Yeah - just after switching off my computer I thought: wait I remember there used to be questions before I started using PERL_MM_USE_DEFAULT. I actually never read them even them, I just presed Enter, Enter, Enter. I think I am not alone in this and I think all those questions are useless and in fact we should get rid of them by default. It sounds like a good idea a the start when we think about just one module. We want to give the user choice, choice is good after all right? No - this is not sustainable in the face of the dependency chains that we have right now.

sid22burn said...

When a module has optional dependencies i get asked if i want to install them. But primarly i use CPANPLUS, but i think even CPAN always ask me.

At least i think the same, that optional dependencies should reduced or completly eliminated if it is possible.

There was two points here that says when optional dependencies are good. But i didn't share this.

1) There was somebody that says i want to support DBD::mysql, DBD::pg etc.

At first, instead of "optional dependencies" write the module that it uses the module if there are installed or otherwise produce an error if you do somethin that is installed.

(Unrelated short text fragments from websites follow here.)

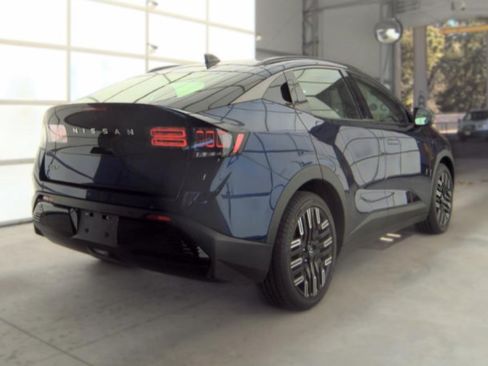 Used 2026 Nissan Leaf Platinum+ w/ Cargo Package (Platinum+) FWD image 3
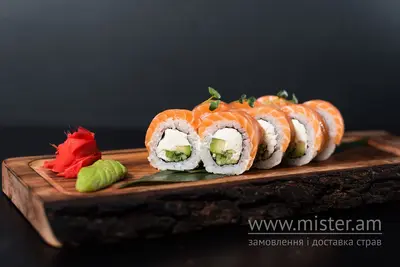 Філадельфія у лососі Guava Sushi undefined фото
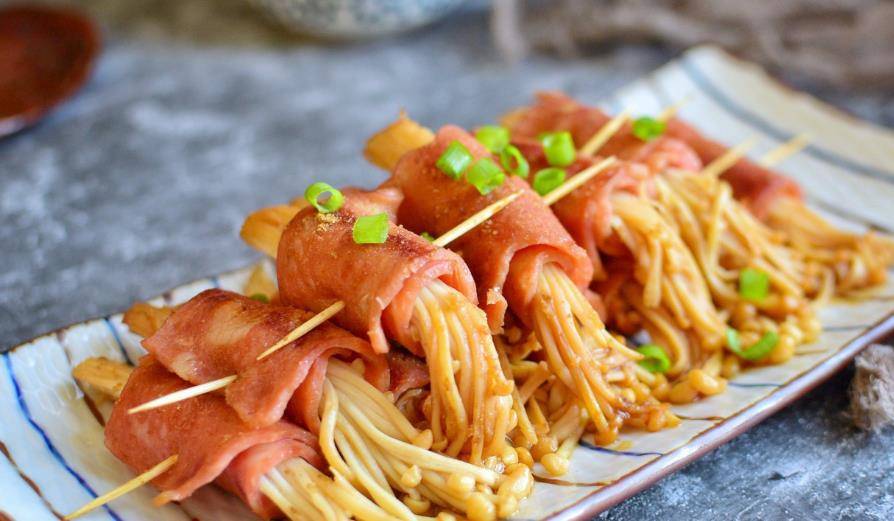 鸡翅金针菇炖豆腐，美味炖菜的三重奏，营养与口感的完美融合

Think of it like DBI. DBI supports various DBD::* modules. But DBI itself has no optional dependencies. If you try to connect to a mysql database and don't have DBD::mysql installed it throws (hopefully) a message that it says it is not installed.

If you have tests, then only run the tests if the modules is installed.

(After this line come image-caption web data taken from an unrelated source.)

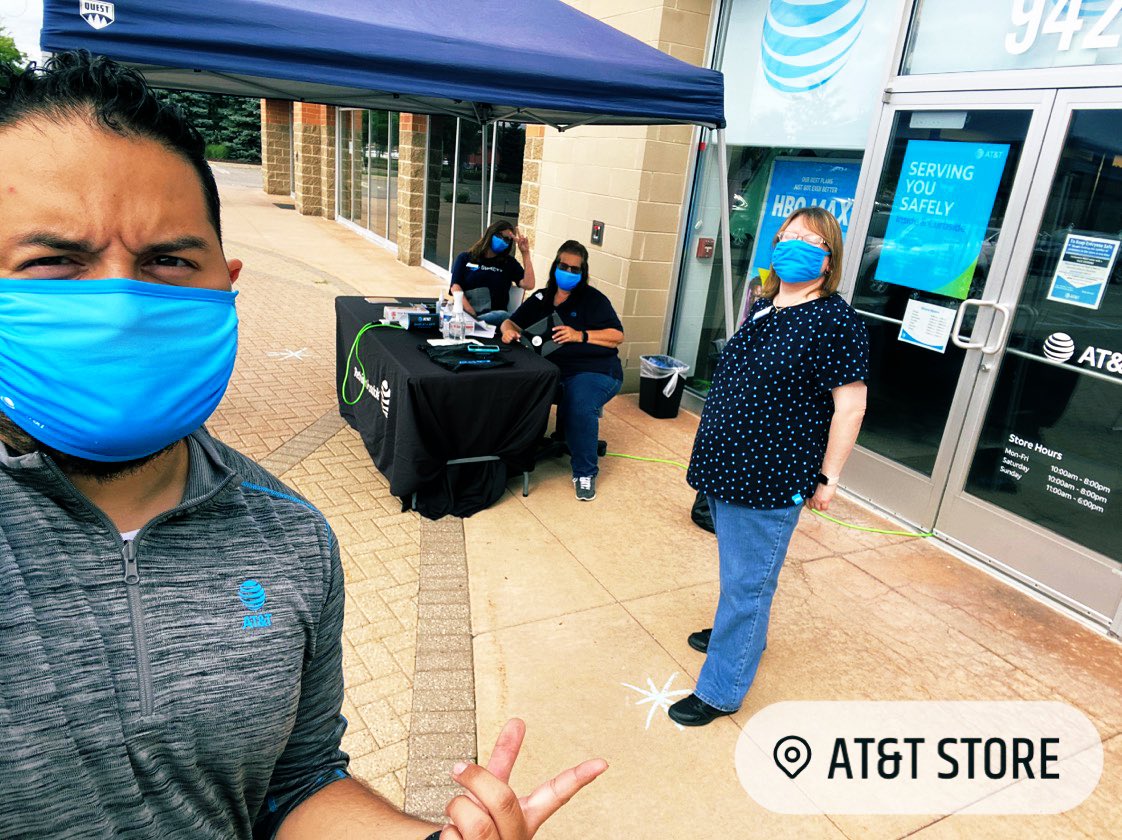 Hanging outdoors on this gorgeous day with the #GreenOakGators Ladies! 85 and Partly Cloudy? My kind of day! <a href="/DemetrusHayes1/">Demetrus Hayes</a> <a href="/TomMonahan10/">Tom Monahan</a> <a href="/GreaterLakesMkt/">Greater Lakes Market 🌊</a> <a href="/Motorcityhustle/">Motorcity Hustlers</a> <a href="/BobbieSantoni/">Bobbie Santoni</a> 

#WeAreGLM
#Darksiders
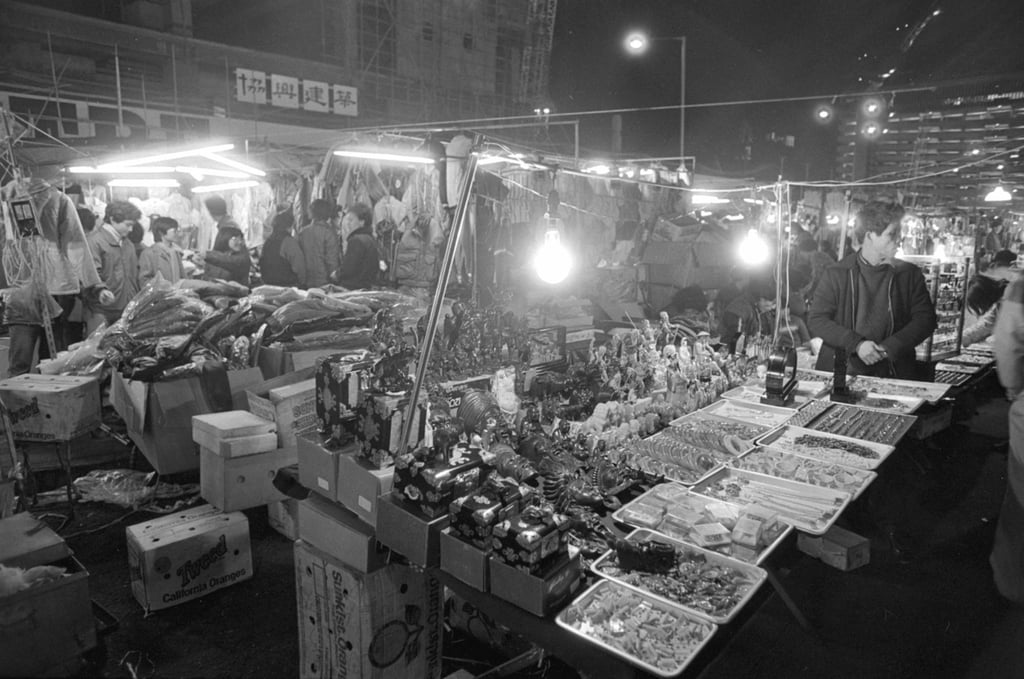 Stalls in Tai Tat Tei, or the “Poor Man’s Nightclub”, in Hong Kong’s Sheung Wan in 1984. Photo: SCMP Archives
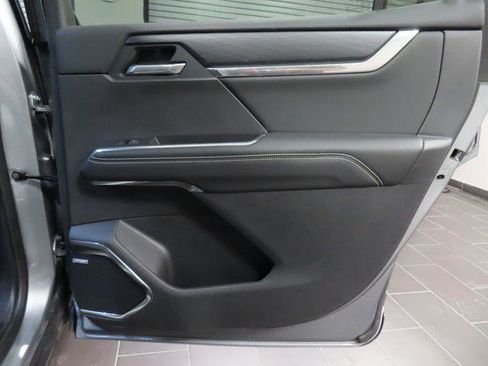 Used 2024 GMC Acadia Elevation w/ Luxury Package FWD image 42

This system allows you to be completely indepent from any DBD::* as a requirement.

Even the sentence "If you have DBD::SQLite installed if you have DBIx::Class installed" is not a true sentence.

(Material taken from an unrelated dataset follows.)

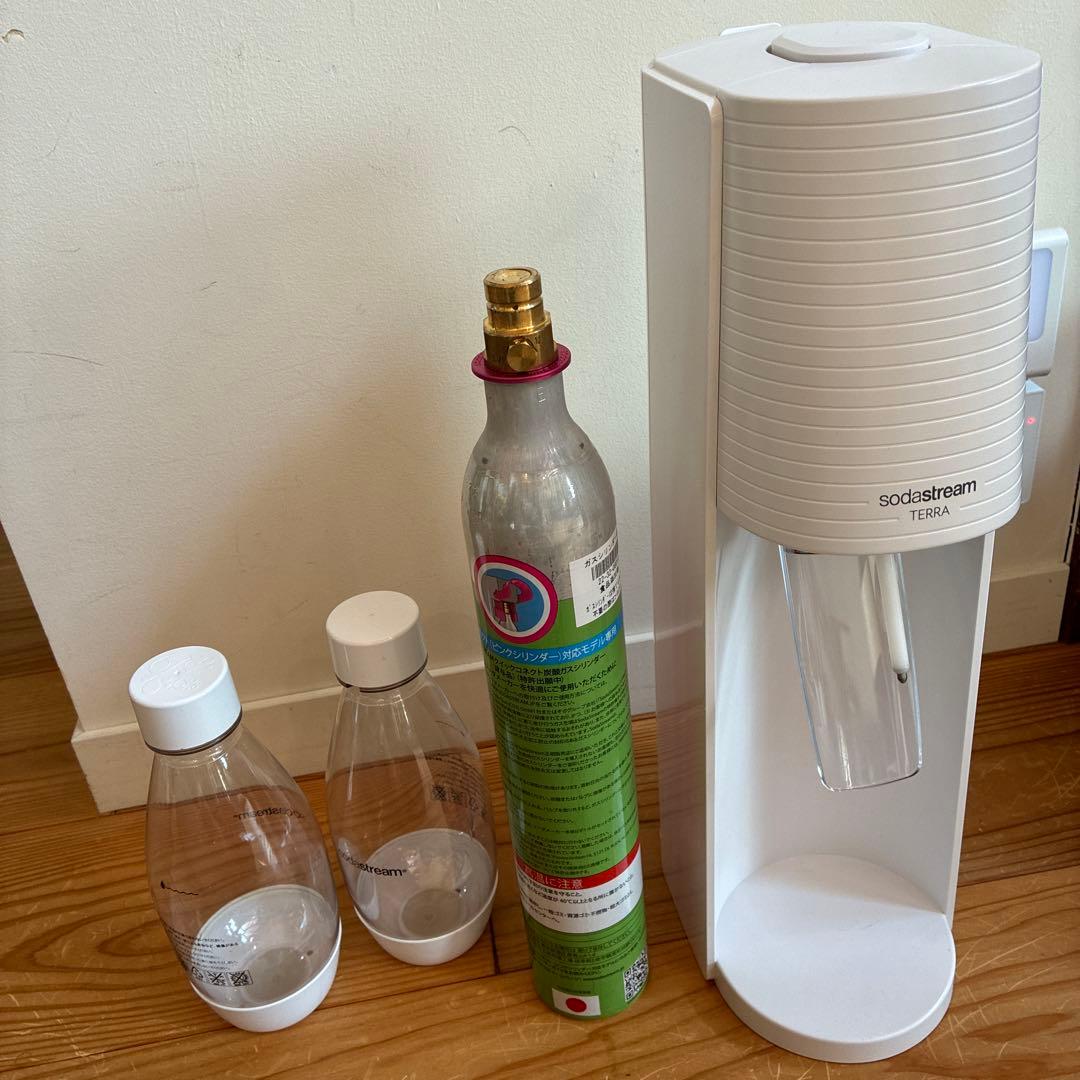 SodaStream TERRA 炭酸水メーカー ガラスボトルガスシリンダー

Because it can change. Probably before Catalyst 5.8 you would say

"If you have Catalyst installed you have Class::Accessor installed."

Now Catalyst 5.8 switched to Moose. And Class::Accessor is not anymore a requirement. So don't use a module or set it to the requirement list only another module use it.

Completely writer your modules if you don't now the dependencies of your other modules that you use.

2) The second was for a complete application that has optional functionality that not everyone need.

If this is the case. A plugin system would make more sense instead of optional dependencies.

Let's say i want to install "Foobar". At installation time he ask me if i want the optional modules or functionality X. I asked with "no".

After some use of Foobar i think i want now the optional functionality X. Now is the question, which modules do i need to install to get functionality X?

If the version not changed and i try to install "foobar" i only get something like "Foobar already installed at the requested version".

So instead of optional dependencies, it makes more sense to have a plugin system. This allows you to browse the plugins and install them separately.

Write your application that you can activate the plugins you want, or that it automatically loads all plugins. i would prefer that you need to specify them and it fails if there are not installed or could not load.

Because this eliminates the error that you use a plugin that is identically not installed.

As an example for this look at Padre. Padre as a core and Padre::Plugin for optional functions.

Mark Aufflick said...

Also remember that actually a lot of people do module builds without cpan. In most "corporate" companies the production install process is very tightly controlled and so module dependency chains automatically building themselves via cpan+ is not an option.

One place deployed cpan modules as rpm packages, just like redhat, but we built the packages ourselves. We used helper scripts, so it wasn't too bad, but each new module had to be packaged, approved, and released. You can imagine that if each module in Catalyst's dependency chain had one or two optional modules that you didn't need at that time, you would be very happy not to build them!